**TASK BRIEF**
Skip all lines in the entries below that come before the one containing "Soft Cap Baseball Hat". Repeat that line and the rest exactly.

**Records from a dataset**

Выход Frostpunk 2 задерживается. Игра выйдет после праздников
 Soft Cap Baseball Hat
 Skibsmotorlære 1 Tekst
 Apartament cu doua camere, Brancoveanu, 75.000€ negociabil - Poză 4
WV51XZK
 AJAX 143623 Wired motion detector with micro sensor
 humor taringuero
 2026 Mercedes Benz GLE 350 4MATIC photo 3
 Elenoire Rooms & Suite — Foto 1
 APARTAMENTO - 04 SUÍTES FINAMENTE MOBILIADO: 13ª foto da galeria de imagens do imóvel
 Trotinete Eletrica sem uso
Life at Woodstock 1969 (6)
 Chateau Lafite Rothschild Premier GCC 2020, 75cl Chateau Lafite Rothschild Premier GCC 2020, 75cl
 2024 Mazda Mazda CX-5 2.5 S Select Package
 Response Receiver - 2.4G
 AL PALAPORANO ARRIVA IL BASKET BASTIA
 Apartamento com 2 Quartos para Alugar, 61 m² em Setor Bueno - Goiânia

**TASK RESPONSE**
 Soft Cap Baseball Hat
 Skibsmotorlære 1 Tekst
 Apartament cu doua camere, Brancoveanu, 75.000€ negociabil - Poză 4
WV51XZK
 AJAX 143623 Wired motion detector with micro sensor
 humor taringuero
 2026 Mercedes Benz GLE 350 4MATIC photo 3
 Elenoire Rooms & Suite — Foto 1
 APARTAMENTO - 04 SUÍTES FINAMENTE MOBILIADO: 13ª foto da galeria de imagens do imóvel
 Trotinete Eletrica sem uso
Life at Woodstock 1969 (6)
 Chateau Lafite Rothschild Premier GCC 2020, 75cl Chateau Lafite Rothschild Premier GCC 2020, 75cl
 2024 Mazda Mazda CX-5 2.5 S Select Package
 Response Receiver - 2.4G
 AL PALAPORANO ARRIVA IL BASKET BASTIA
 Apartamento com 2 Quartos para Alugar, 61 m² em Setor Bueno - Goiânia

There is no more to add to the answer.